Maybe you didn’t quite understand me. I meant that the problem with ssl certificates is even more interesting than it seems.
For example, if I register for cloudflare and pay a $10 tariff, my certificate will be visible to everyone as an outsider. And if I pay $200, I can download any certificate, but the private key is still on cloudflare. And I can order private DNS. How carefully you examine the site before visiting it.
Cloudflare is a private company. I know they are offering tons of bells and whistles, and they keep adding to their portfolio on a regular basis. To much to keep up for me anyways.
But the features you seem to be reffering to is their feature to upload your own certs and keys, and the feature for keyless ssl?
I never used these features, but i looked them up for a discussion i had a long time ago, so i'm aware of their technicality's. If i remember correctly (i didn't re-read the whitepaper, this stuff comes from memory) the first feature gives cloudflare all the tools to generate symmetric keys themselves, the other just gives them only the symmetric keys (and you host some kind of service on your host to let them request a new symmetric key).
These service *might* look "better" to the untrained eye, but in fact they are worse: when you use them you're even hiding the fact that cloudflare acts as a MITM (but they still are!!!). When you use these services, your customers will never know cloudflare can (and will!!!) decrypt every package they exchange.
The bottom line is very, very simple and does not differ from which package you buy or which technology they implement: their proxy REQUIRES them to decrypt the traffic between (what the visitor thinks is) the visitor and the webhost.
Why? Well, you know those nice features they offer: DDos protection and their CDN? Both these things are built on the fact that they keep a big cache of DECRYPTED data from YOUR host on their datacenters. When a client requests a page, they HAVE to be able to see what the client requested (so they HAVE to decrypt the request), then they can see if they have the requested data somewhere on their servers (UNENCRYPTED). When they don't have the data in their cache, they WANT the data in their cache, so they request it from the host, DECRYPT it, and PUT it in their cache before (or after) re-encrypting it and sending it to your client.

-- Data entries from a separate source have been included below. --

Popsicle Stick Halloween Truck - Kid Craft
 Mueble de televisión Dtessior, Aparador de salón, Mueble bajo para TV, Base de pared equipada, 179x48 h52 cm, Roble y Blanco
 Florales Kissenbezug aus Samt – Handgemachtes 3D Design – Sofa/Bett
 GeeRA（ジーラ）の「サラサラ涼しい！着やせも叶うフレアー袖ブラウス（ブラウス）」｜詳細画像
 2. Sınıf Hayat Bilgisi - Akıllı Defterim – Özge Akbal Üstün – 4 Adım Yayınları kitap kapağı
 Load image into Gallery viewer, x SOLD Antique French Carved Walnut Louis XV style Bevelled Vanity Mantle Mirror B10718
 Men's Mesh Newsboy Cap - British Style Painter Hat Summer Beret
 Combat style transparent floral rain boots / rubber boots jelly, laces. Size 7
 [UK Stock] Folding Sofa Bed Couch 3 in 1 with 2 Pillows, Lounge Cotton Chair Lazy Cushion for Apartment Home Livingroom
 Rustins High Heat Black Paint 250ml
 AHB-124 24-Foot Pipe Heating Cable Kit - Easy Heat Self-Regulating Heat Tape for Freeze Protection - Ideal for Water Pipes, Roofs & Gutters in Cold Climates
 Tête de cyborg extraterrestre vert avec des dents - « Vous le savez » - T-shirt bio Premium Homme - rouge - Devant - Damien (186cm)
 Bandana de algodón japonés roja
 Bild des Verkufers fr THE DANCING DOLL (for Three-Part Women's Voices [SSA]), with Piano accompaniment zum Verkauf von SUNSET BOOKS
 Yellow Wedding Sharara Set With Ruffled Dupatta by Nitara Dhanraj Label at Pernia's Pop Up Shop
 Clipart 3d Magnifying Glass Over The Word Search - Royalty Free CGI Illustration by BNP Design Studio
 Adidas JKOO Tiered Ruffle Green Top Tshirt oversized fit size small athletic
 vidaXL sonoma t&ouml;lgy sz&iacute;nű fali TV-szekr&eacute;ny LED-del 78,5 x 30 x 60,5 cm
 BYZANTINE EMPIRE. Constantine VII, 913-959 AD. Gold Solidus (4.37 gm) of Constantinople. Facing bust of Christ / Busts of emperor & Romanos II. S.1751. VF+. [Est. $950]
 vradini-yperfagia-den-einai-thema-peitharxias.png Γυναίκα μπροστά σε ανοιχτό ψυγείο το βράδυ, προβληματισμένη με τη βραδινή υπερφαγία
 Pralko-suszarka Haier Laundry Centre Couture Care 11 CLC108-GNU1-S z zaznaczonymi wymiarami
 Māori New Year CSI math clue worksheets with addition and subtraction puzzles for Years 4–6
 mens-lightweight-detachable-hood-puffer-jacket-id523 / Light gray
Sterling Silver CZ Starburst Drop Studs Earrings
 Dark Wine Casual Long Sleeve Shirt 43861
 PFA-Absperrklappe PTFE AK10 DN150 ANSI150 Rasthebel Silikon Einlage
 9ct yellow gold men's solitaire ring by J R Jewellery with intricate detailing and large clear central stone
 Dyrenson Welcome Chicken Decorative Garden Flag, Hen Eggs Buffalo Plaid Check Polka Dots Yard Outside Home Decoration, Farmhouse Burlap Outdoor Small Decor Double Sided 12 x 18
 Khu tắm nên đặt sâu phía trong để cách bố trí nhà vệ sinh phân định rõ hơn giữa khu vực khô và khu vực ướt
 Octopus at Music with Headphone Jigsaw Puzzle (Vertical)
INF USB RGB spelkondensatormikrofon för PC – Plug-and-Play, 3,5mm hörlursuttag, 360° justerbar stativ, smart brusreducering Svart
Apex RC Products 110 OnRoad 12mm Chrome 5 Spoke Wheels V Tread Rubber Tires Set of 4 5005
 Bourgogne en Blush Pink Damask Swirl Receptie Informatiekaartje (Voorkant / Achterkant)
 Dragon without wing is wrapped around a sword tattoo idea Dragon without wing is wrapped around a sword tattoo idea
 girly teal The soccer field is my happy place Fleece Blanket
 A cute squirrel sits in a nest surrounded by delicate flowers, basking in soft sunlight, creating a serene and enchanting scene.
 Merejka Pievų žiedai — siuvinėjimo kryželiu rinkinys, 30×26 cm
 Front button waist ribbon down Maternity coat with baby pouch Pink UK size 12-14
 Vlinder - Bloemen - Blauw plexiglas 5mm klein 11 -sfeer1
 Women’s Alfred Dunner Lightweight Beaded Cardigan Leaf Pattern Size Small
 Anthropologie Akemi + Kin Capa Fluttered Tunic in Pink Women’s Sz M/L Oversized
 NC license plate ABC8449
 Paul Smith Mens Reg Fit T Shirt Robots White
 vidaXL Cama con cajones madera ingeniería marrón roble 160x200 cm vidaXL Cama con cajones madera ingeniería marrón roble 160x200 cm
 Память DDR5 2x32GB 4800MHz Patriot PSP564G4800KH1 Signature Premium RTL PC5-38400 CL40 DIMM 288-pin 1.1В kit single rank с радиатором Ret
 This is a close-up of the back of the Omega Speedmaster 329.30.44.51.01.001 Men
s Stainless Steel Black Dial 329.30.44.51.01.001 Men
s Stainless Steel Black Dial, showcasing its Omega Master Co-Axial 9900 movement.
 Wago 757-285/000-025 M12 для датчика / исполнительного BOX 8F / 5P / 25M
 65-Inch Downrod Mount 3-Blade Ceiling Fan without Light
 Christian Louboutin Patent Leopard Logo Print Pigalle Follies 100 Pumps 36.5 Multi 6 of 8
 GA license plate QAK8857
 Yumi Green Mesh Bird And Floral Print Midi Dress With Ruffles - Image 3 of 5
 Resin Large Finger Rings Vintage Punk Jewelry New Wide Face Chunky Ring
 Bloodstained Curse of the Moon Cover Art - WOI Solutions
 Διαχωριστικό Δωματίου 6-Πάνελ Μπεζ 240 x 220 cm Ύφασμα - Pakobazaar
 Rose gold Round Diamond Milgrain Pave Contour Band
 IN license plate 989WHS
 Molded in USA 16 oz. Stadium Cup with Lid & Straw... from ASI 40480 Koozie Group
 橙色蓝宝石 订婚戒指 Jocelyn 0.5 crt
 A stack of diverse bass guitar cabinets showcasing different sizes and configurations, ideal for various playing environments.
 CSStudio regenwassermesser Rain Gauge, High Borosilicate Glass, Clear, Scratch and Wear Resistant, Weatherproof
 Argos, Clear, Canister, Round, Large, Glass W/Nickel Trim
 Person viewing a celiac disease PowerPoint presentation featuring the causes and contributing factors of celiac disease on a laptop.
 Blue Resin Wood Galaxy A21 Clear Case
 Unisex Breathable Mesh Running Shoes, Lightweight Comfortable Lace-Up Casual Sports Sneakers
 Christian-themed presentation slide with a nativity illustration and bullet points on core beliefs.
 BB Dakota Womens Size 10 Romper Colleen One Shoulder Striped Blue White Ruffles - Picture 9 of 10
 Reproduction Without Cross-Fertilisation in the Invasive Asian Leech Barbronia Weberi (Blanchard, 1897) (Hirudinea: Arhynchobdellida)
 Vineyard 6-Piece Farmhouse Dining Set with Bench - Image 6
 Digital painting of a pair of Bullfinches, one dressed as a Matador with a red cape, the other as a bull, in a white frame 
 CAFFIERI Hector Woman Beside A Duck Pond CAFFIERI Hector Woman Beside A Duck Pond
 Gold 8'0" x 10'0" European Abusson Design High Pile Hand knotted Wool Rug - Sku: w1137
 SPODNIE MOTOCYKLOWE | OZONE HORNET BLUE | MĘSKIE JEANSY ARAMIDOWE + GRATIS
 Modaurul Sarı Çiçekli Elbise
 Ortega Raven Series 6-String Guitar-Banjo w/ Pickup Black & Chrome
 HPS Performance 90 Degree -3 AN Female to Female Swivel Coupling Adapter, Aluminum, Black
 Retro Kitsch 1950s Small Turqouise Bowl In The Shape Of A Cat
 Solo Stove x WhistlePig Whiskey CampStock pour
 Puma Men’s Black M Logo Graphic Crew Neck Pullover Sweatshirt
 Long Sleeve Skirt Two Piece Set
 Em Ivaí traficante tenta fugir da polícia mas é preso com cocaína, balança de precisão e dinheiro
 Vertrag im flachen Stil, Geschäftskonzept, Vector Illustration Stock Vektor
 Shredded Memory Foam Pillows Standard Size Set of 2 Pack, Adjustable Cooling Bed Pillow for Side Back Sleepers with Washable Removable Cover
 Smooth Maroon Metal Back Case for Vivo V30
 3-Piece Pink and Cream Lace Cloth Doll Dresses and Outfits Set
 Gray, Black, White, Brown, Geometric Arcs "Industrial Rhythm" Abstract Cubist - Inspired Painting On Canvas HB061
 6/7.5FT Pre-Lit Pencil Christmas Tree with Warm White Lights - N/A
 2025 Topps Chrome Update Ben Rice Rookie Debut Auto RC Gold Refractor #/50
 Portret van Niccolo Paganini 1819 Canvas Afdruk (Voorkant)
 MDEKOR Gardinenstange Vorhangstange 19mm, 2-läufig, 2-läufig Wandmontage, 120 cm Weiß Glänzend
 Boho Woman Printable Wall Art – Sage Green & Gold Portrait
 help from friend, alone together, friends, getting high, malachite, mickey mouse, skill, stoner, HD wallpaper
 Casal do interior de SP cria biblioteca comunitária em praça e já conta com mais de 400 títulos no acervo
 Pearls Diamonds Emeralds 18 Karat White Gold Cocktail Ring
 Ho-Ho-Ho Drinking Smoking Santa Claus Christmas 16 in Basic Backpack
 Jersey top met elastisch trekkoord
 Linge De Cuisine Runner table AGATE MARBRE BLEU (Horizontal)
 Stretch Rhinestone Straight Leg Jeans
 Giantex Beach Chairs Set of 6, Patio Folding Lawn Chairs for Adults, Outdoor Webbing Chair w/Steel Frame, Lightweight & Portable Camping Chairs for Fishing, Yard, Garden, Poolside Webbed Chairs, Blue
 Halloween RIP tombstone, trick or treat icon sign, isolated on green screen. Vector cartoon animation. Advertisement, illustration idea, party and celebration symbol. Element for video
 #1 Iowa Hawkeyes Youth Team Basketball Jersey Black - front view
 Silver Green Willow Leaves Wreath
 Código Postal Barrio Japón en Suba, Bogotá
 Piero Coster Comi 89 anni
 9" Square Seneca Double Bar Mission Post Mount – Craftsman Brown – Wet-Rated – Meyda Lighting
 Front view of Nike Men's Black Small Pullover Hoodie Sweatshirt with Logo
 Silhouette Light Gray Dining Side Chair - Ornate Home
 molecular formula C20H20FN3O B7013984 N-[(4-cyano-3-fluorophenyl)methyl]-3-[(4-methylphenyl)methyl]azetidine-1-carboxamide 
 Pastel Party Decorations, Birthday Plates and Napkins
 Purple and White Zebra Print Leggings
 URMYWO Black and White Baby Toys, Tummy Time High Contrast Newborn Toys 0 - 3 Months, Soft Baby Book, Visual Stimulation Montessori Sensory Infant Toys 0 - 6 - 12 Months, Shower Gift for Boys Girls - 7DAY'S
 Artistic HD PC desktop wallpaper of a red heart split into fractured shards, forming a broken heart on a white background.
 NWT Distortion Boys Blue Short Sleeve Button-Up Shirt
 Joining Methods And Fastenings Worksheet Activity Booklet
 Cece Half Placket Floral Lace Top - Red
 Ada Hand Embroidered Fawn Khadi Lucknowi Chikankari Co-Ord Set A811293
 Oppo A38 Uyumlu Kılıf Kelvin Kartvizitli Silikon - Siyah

That's why they're able to offer DDos protection: your data is on so many geo-located servers, and they're so big, an attacker just can't muster up a botnet that's so big he/she can tear down cloudflare. They'r still DDos'ing, cloudflare does not stop them, cloudflare just absorbs the requests... Maybe they block them after a while, IDK, but in the first place they just absorb them due to the fact they have your data anyways, and they have dozens of copy's of your data all around the world, so let a botnet request a couple million of copy's: they don't care.
That's why they can speed up your site: they have copy's of most of your content all over the world on fast servers: a client downloads most of your content directly from cloudflare (and not from you), from a fast server close-by.
And in the end it doesn't matter if you use cloudflare's SSL, you upload your cert+key or you run "keyless ssl" by running a local deamon to generate symmetric keys.... If you use the proxy, they have your data.... Which is bad for a mixer.